Translational Research in Anatomy (Mar 2022)
Inflammatory degranulation of the cardiac resident mast cells suppresses the pacemaking and affects activation pattern in the sinoatrial node
Abstract
Background: Many bacterial and viral infections may cause sepsis or/and systemic or local proinflammatory responses that lead to life-threatening cardiovascular system failure. Severe bradycardia and/or bradyarrhythmias frequently accompany systemic inflammation and contribute to hemodynamic insufficiency. Markers for immunocompetent cells have been shown to be present in the tissue of the primary heart pacemaker, the sinoatrial node (SAN).

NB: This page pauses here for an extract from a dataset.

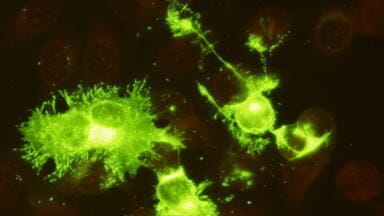 Validated Antibody Pairs for Respiratory Pathogen Detection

However, the role of the resident cardiac immune cells in inflammation-induced bradycardia and SAN automaticity have still not been elucidated. Materials and methods: Confocal and bright field microscopy were used to identify toluidine blue-positive cells (TPC) in the SAN. Standard microelectrode technique and optical mapping were used to record action potentials (AP) and analyze activation pattern in the SAN tissue preparation from rats in presence of secretagogue C48/80. Results: Numerous TPC, which exhibit toluidine-accumulating granules, typical for mast cells, are revealed in the SAN region of the right atrium. The activation and degranulation of the resident mast cells by C48/80 leads to biphasic changes of the pacemaker AP rate in the SAN – an initial acceleration is followed by rate reduction. The activation of the resident mast cells causes an increase of the primary activation area in the SAN that probably underlies the AP rate increase in response to C48/80. In addition, the application of C48/80 causes the primary/leading activation point migration in the SAN and AP rate decrease is probably mediated by the shift of the primary pacemaker site to the region surrounding the coronary sinus. Moreover, inexcitable zones and conduction blocks induced in the central SAN myocardium by C48/80 underlie the suppression of automaticity. Conclusion: The degranulation of resident mast cells affects the pacemaker cardiomyocytes’ ability to generate spontaneous AP in the SAN tissue and causes shift of the dominant pacemaker site. Therefore, the activation of the resident mast cells in the SAN can be considered as a new mechanism of inflammatory induced bradyarrhythmias.